Could someone please correct my work.
A fishing magazine collected data and printed the following results:
If there is rain then the probability of catching a fish at Lake Blue is 80%, but if it doesn't rain then the probability of catching a fish at Lake Blue is 17%. The forecast for today is 68% chance of rain.
A) Draw a tree diagram
(sorry if it looks confusing)
Percent = 100%
80%
R / / 17% R
/----------
| . \ 83 R (not)
|
| . 68% R
\ . /
\ ----------
R (not rain) . \
20% . 32% R(not)
b) What is the probability that it rained today and a fish was caught?
P(RR) = 0.20 x 0.68 = 0.136
c) What is the probability of catching a fish today?
P(R not R|R) = 0.20 x 0.68 = 0.136
d) IIf a person caught a fish, what is the probability that there was rain?

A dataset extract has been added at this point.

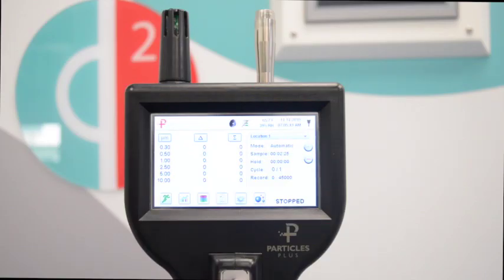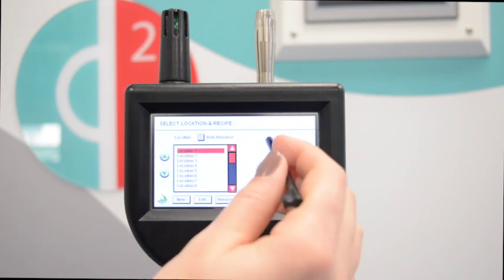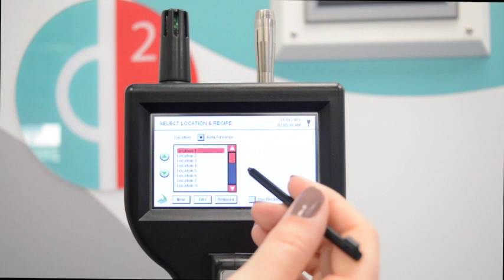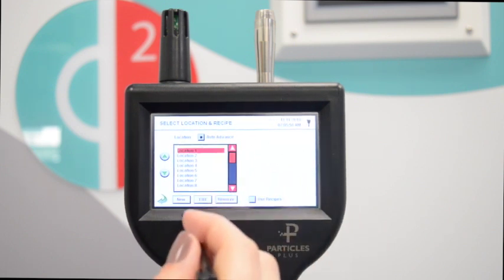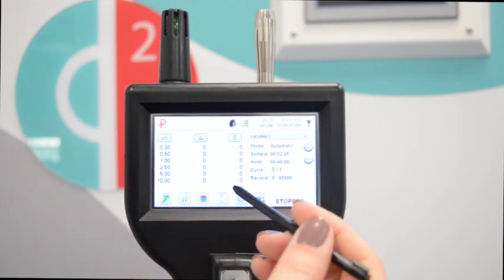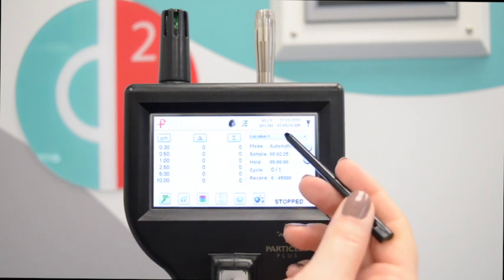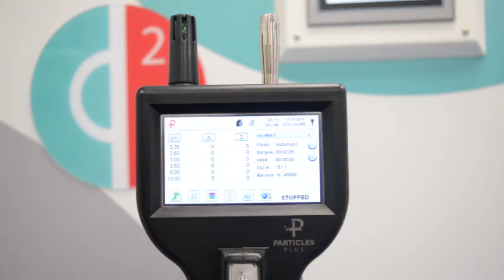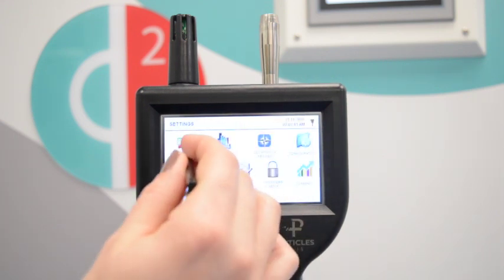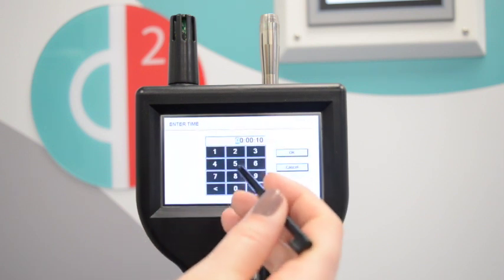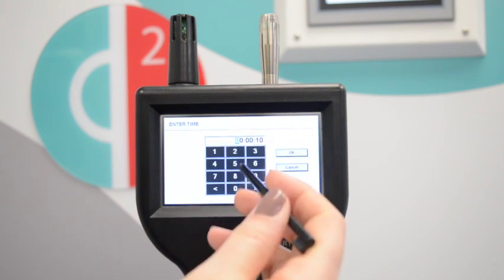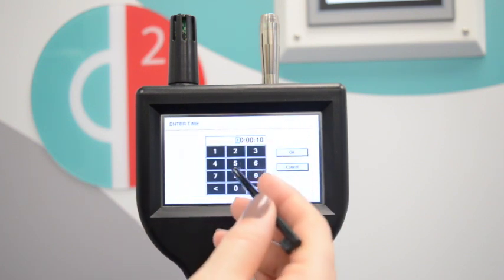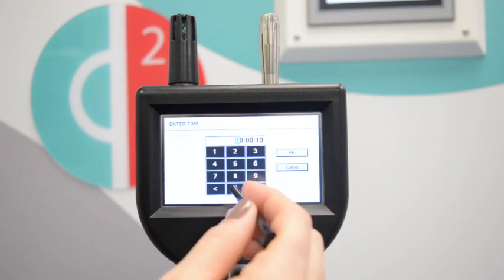For a straightforward validation you can use the auto-advance feature. Simply select auto-advance in the recipes. Go to the home screen and you will see it starting at location 1. In order to not influence counts you can set a delay in settings sample setup. This will give you time to move away from the counter before the sampling starts.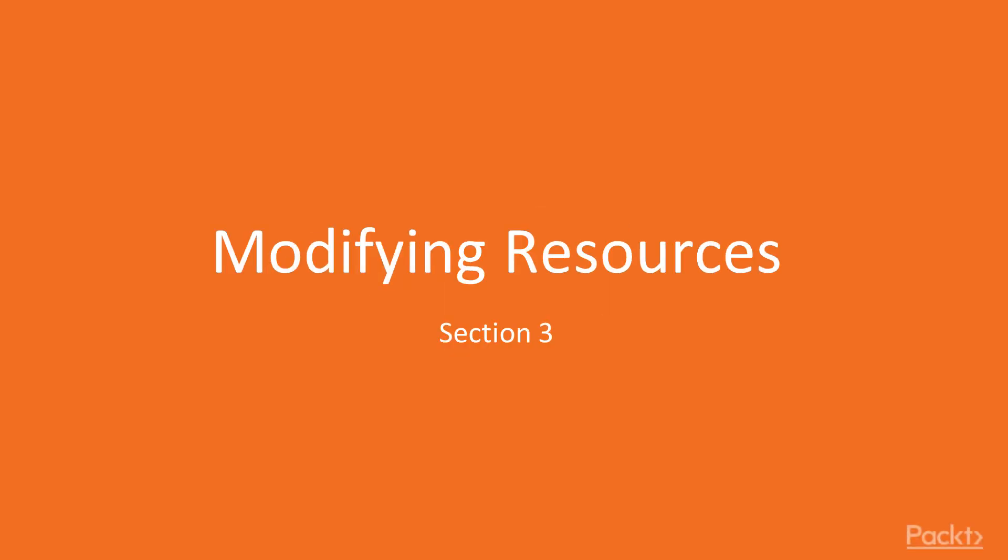Hi, and welcome back to Hands-On Infrastructure Automation with Terraform on AWS by Packt Publishing.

I don't get this question*
Thanks
R is 20%, not rain 32% and R = 68%
To correct your work:
A) The tree diagram you drew is mostly correct. However, there is one small mistake in the branch probabilities for catching a fish at Lake Blue. In the branch where it doesn't rain (R (not)), the probability should be 83% (not 83 R). The corrected tree diagram looks like this:
```
100%
__________|__________
| |
80% 17%
(R) (not R)
| |
_______|_______ _______|_______
| | | |
68% 32% 68% 32%
(R) (not R) (R) (not R)
| | | |
20% 80% 17% 83%
(Caught) (Not Caught) (Caught) (Not Caught)
```
b) The probability that it rained today and a fish was caught is the product of the probabilities along the branch: P(RR) = 0.20 (probability of rain) x 0.68 (probability of catching a fish given rain) = 0.136 or 13.6%.

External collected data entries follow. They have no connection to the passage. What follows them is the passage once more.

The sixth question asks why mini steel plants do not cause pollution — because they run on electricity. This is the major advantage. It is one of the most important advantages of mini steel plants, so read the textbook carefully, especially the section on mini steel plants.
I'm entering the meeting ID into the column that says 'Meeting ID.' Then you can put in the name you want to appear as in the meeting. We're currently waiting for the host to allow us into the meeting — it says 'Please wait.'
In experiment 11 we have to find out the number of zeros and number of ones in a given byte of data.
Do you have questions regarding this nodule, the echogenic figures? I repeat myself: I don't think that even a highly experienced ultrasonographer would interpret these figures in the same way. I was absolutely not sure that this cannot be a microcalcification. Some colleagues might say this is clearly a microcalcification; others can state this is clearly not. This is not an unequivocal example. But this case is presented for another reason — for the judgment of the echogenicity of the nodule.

c) The probability of catching a fish today is the sum of the probabilities of catching a fish given rain and catching a fish given no rain:
P(Caught) = P(R) x P(Caught | R) + P(not R) x P(Caught | not R)

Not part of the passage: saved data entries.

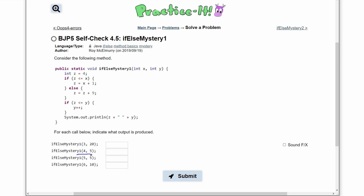Next we have a method call where we're passing in a 4 and a 5, so x equals 4 and y equals 5. As always, int z is equal to 4. Now we compare: if z is less than or equal to x — z is 4 and x is 4, so it is equal. We are inside the if statement: z equals x plus 1, so z equals 5.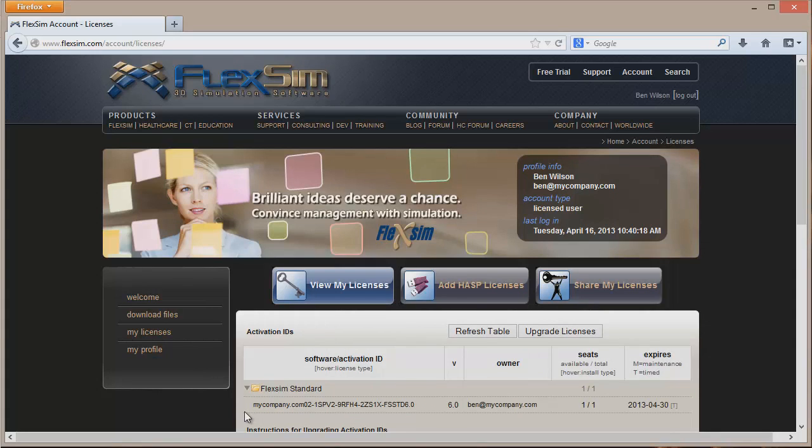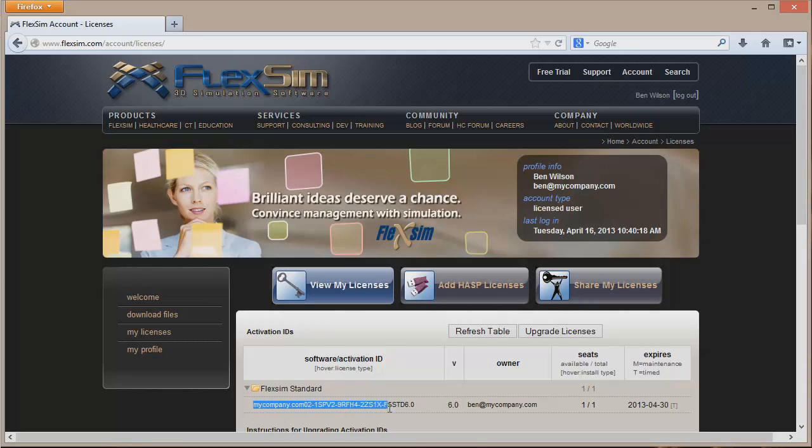The license is a long group of characters made up of letters, numbers, and dashes. Use your mouse to drag and highlight the entire activation ID and either hold the Control button and press the C key or right click on the highlighted ID and click Copy.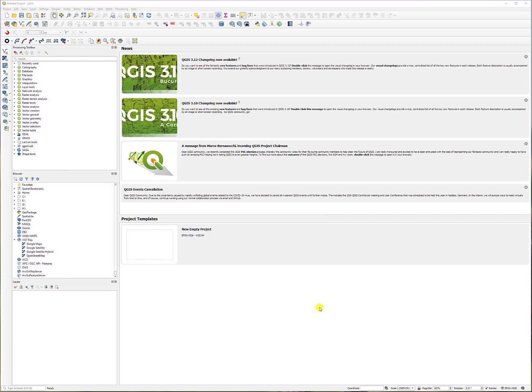OK, today we're going to discuss how to create points within QGIS. So first thing you want to do is open up a new project, which is here.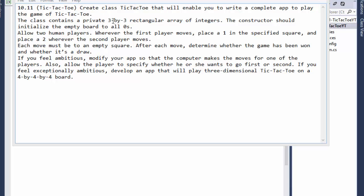We are going to create a game of tic-tac-toe. We will create a class that contains a private 3x3 rectangular array of integers — a two-dimensional array with rows and columns. The constructor should initialize the empty board to all zeros. Then, based on whatever symbol the players have, zeros will be replaced: place a one wherever player one moves, and a two wherever player two moves. Each move must be to an empty square — if it's already taken, you tell the user to pick a different square.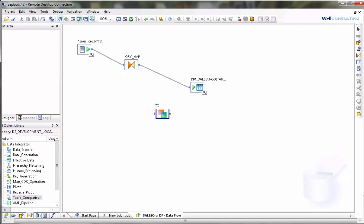We'll call it table compare sales org. We're going to join that in. We're going to delete our join between the query and the target and put this table compare in between.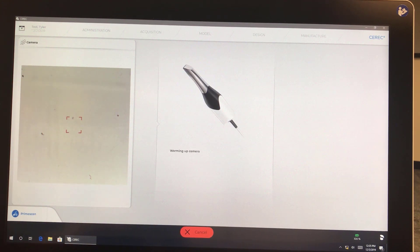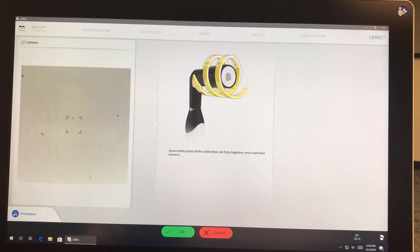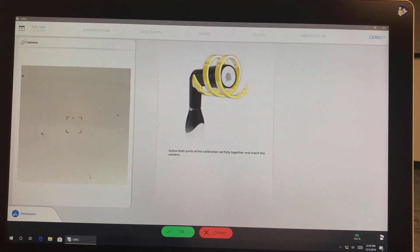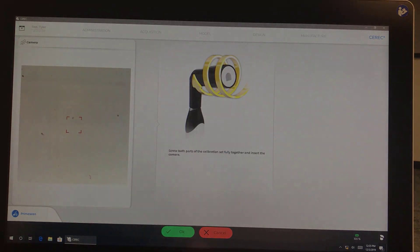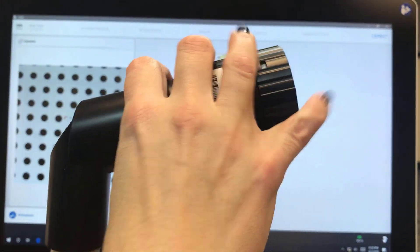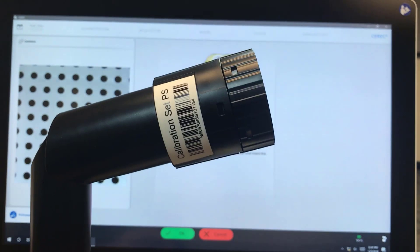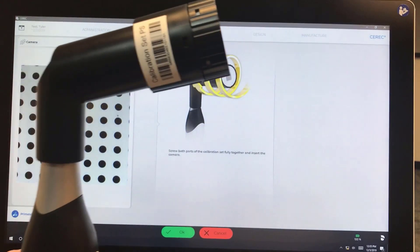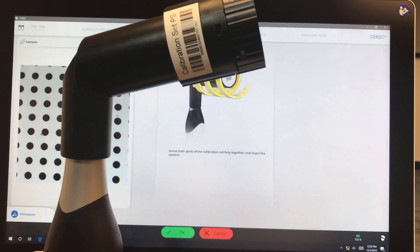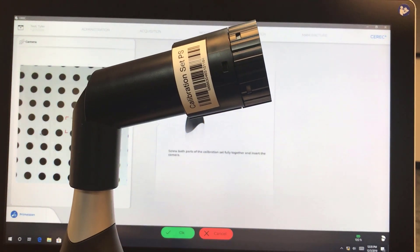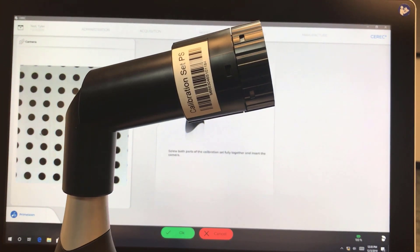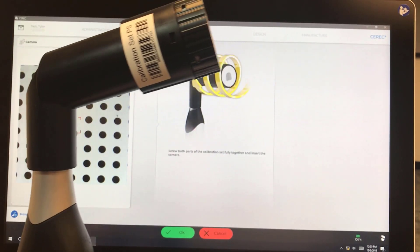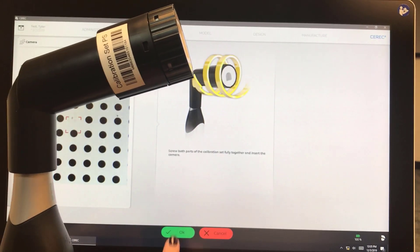So we let the camera warm up in here. And now it's just telling us to make sure that the bottom is screwed in all the way. And we're going to mount the calibration tool just as it shows us in the picture. Make sure that as we're calibrating, we're holding the camera upright. We're going to hit OK.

= 0.20 (probability of rain) x 0.68 (probability of catching a fish given rain) + 0.80 (probability of no rain) x 0.17 (probability of catching a fish given no rain)
= 0.136 + 0.136
= 0.272 or 27.2%.
d) The question asks for the probability that there was rain given that a person caught a fish. This can be calculated using Bayes' Theorem:
P(Rain | Caught) = P(Caught | Rain) x P(Rain) / P(Caught)
= 0.68 (probability of catching a fish given rain) x 0.20 (probability of rain) / 0.272 (probability of catching a fish)
= 0.125 or 12.5%.
So, if a person caught a fish, there is a 12.5% chance that there was rain.